Facebook was early to spot the opportunity, collating user posts into video stories to be shared with friends. A slice of the past has become Facebook’s mainstay over the past couple of years with users being served with their memories, on a number of special occasions through the year. Uber is the new brand on the bandwagon this year with its ‘Year with Uber’. It has launched the campaign in the Asia Pacific markets which turns trip data into personalised, animated music videos.
“We invested as much effort into representing local character as building an engine that could stitch together the elements instantaneously and infinitely,” said R/GA Singapore’s Senior Technology
Director, Lauren Thevenet about the Uber campaign. “The complexity is concealed, making it an engaging user experience that seems effortless,” she added. Sanjay Gupta, head of marketing, Uber India says that the campaign aims to bring together data and moments, among them Indian cultural elements and festivals. “We are excited to launch a campaign that takes inspiration from the everyday experiences of our riders across over 100 cities in the Asia-Pacific region, including 29 cities in India,” he said.
For content platforms, year-end stories are a means of boosting content visibility too.
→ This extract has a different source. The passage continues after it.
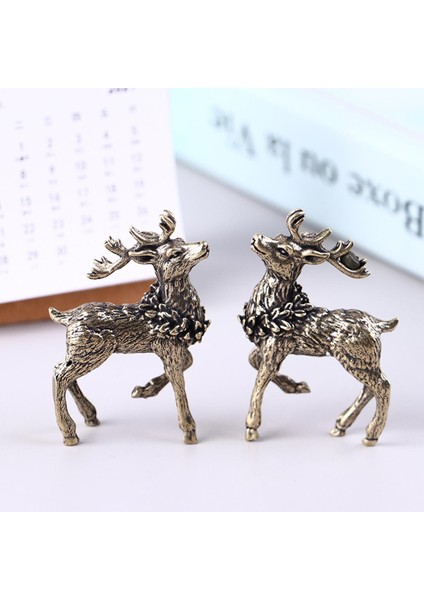 Adet Saf Bakır Geyik Heykel Süsler Prinç Geyik Minyatür Figürler Jessica (Yurt Dışından)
YouTube’s Rewind video with the most popular content creators in a single video is a case in point as are similar efforts by Instagram.
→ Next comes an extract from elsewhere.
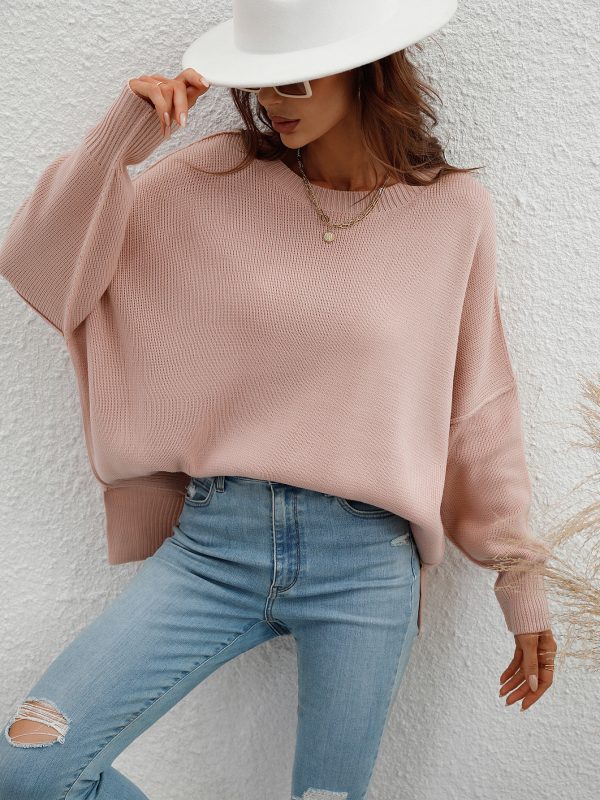 Autumn Winter Long Sleeve round Neck Knitted Loose Split Pullover - Sweaters - Uniqistic.com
The objective behind most of these initiatives is mainly to make the consumer feel special. And even if the user is not always at the centre of the tale being woven around the year gone by, brands hope to establish a sense of camaraderie by tying them into a common web of experiences. Such communication also usually sees a very high number of clicks, indicating that customer curiosity is kindled and retained through such initiatives.
Kelkar adds that year-end engagement initiatives are more popular among new age brands and (surprisingly), traditional businesses and e-commerce players haven’t caught on the opportunity yet. “If your online shopping website gave you personalised feedback on your annual shopping traits, not only would it be a great insight for you but also provide significant consumption patterns for the brand itself,” he said.
Brands use metrics like the number of shares and mentions of these posts to measure the engagement level of these initiatives. Given the huge numbers notched up, they continue to create more of the same. But that is a trap; to keep users interested, brands must continue to innovate and surprise with their use of customer data. Also, Kelkar cautions, brands should not view such data-led engagement only as a year-end opportunity. That would be myopic.